→ **EXERCISE REQUIREMENTS**:
What you return must be the full listing, word for word, with no images in it.

→ **COLLECTED DATA**:
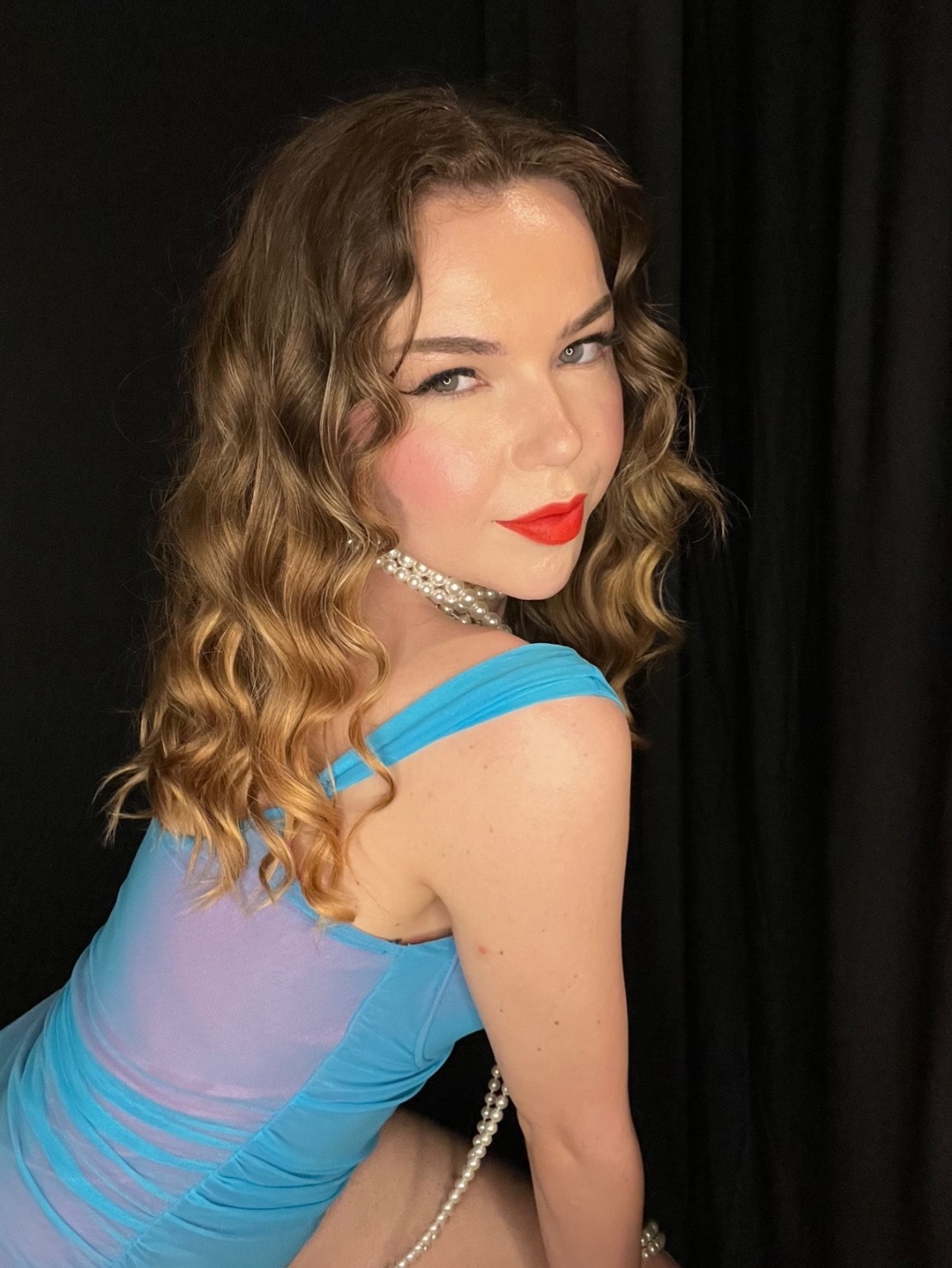 cutiealinawestxxx OnlyFans messaging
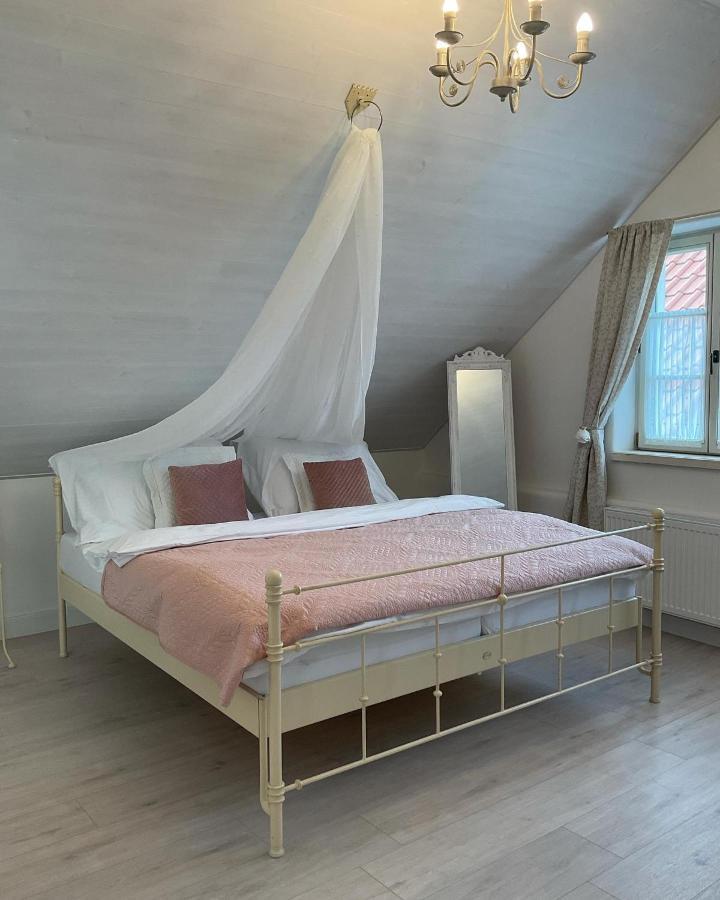 Boutique Hotel Soukenikuv Dum Kutná Hora Extérieur photo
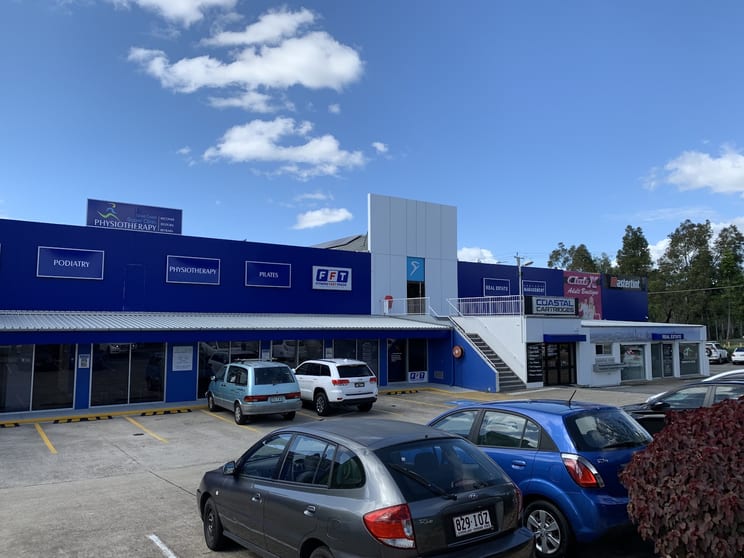Unit 1A/131 Old Pacific Highway Oxenford QLD 4210 - Image 1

→ **RESPONSE**:
 cutiealinawestxxx OnlyFans messaging
 Boutique Hotel Soukenikuv Dum Kutná Hora Extérieur photo
Unit 1A/131 Old Pacific Highway Oxenford QLD 4210 - Image 1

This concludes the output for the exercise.